#42: Kitchen Confidential di Anthony Bourdain


Questo libro, questo libro… Questo libro mi ha annoiata a morte, ad eccezione di qualche simpatico aneddoto lasciato qui e là, così per puro caso. 

Non vedevo l’ora di terminarlo e non per vedere dove andasse a finire, piuttosto per l’esigenza impellente di passare a qualcosa di bello, coinvolgente.

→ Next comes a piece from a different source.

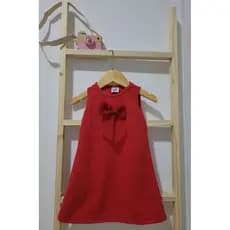 vestido vermelho,roupa infantil menina,look Natal,vestido natal,vestido vermelho,roupa infantil menina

Anthony Bourdain è un cuoco-scrittore americano, che nel suo Kitchen Confidential tenta di rappresentare il mondo della gastronomia come un enorme vascello di pirati brutti, cattivi, sporchi e tossici in modo completamente esaltato ed affettato. Le cucine vengono dipinte come inferni danzanti (il che rispecchia il vero), capitanati da folli Ammiragli coi denti marci e con la fiatella di whiskey che impesta l’aria sin dalle prime luci dell’alba.

Vi è un impasto totale di stupefacenti, alcol, mafia, scopate sui luoghi di lavoro – meglio se sopra materiale deperibile-, sozzura e ciarpame. 

Non essendo uno scrittore, si avventura in una catena inutile di dettagli e sorvola invece su impressioni/ragionamenti non evidenti che abbisognerebbero di delucidazioni.

In un totale e confortevole onanismo si bulla di quanto la sua carriera sia stata dura, a tratti schifosa e di quanto sia dovuto divenire spietato e senza cuore, ma con un cuore. Sì, esattamente, il libro è trapunto di contraddizioni, smentite e noiosi salti temporali,  del tipo “quella volta al campo della banda…“.

Chiuso il libro la sensazione è stata quella del dolorosissimo postpartum, oltreché di LIBERAZIONE totale. 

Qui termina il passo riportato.